### Exercise brief
Write out exactly the lines from the one that contains "26坪中古屋(5~15年)＿" down to the last line of the material below, keeping both ends and omitting pictures.
--- Collected data Enclosed Below ---
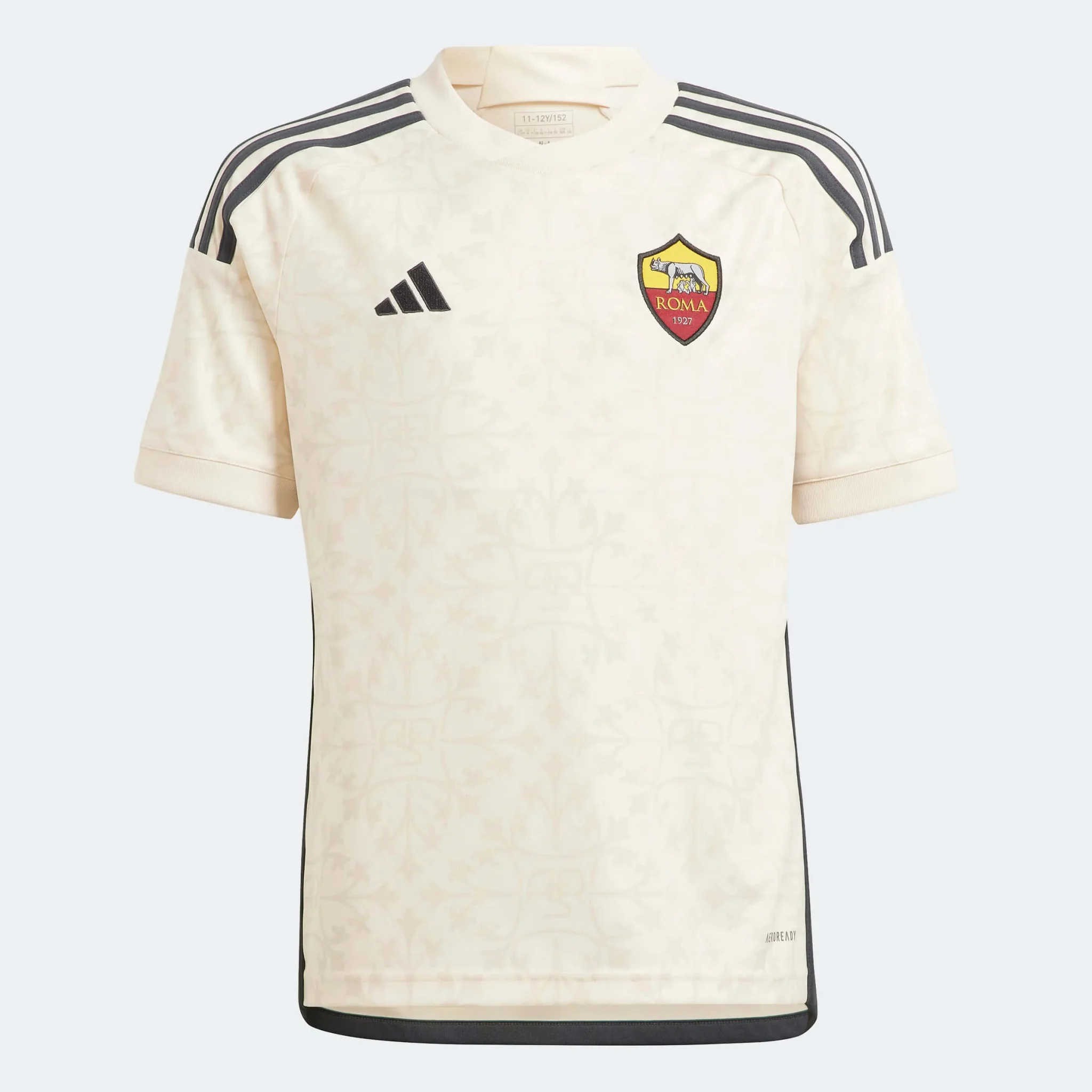 adidas 2023-24 Roma Youth Stadium Away Jersey
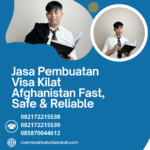 Jasa pembuatan visa kilat afghanistan fast, safe & reliable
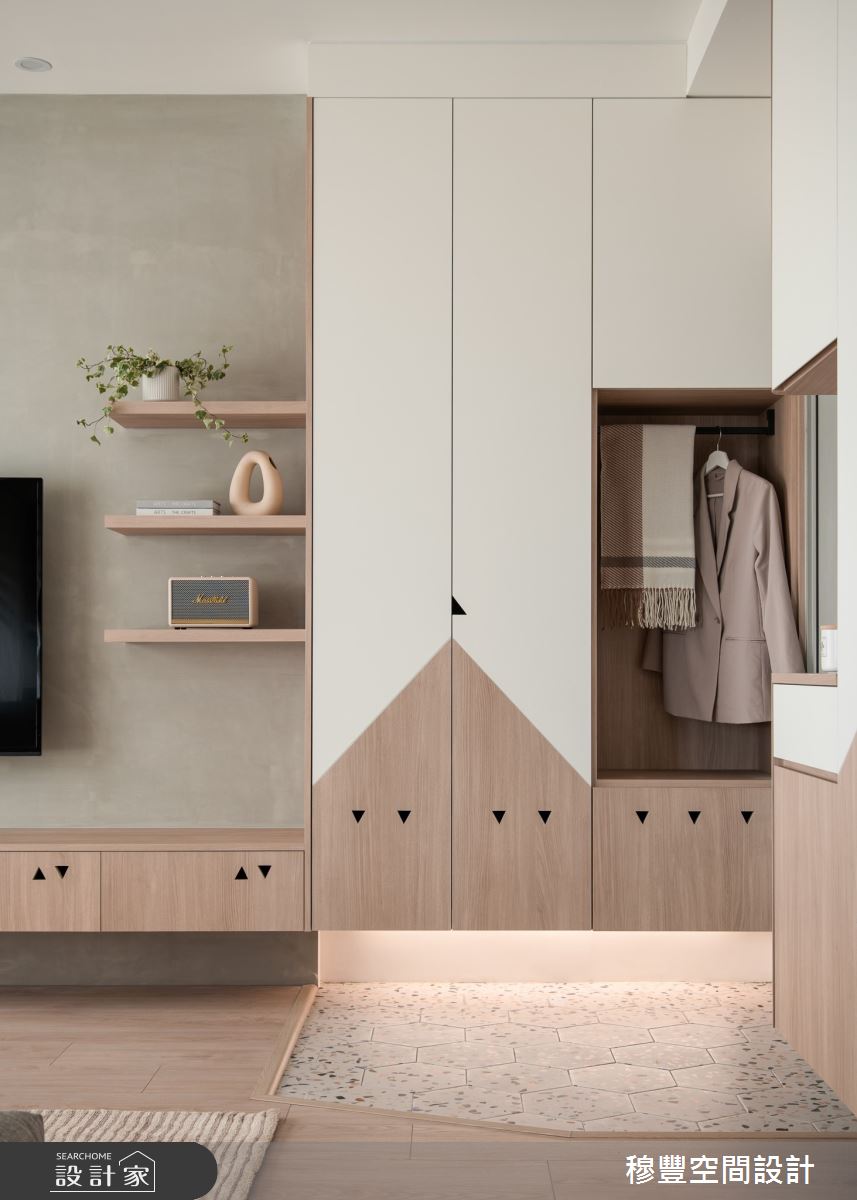 26坪中古屋(5~15年)＿北歐風玄關案例圖片＿穆豐空間設計有限公司＿穆豐_蒙布朗之7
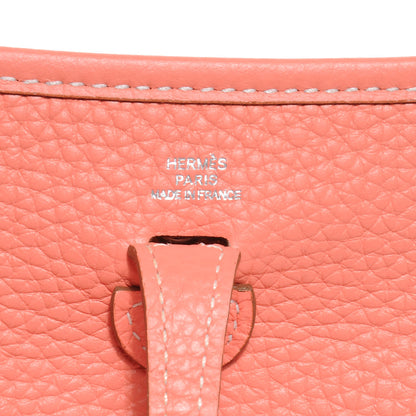 Hermes Taurillon Clemence Evelyne TPM Crevette 6 of 7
--- End of Enclosed Collected data ---
### Reply
 26坪中古屋(5~15年)＿北歐風玄關案例圖片＿穆豐空間設計有限公司＿穆豐_蒙布朗之7
 Hermes Taurillon Clemence Evelyne TPM Crevette 6 of 7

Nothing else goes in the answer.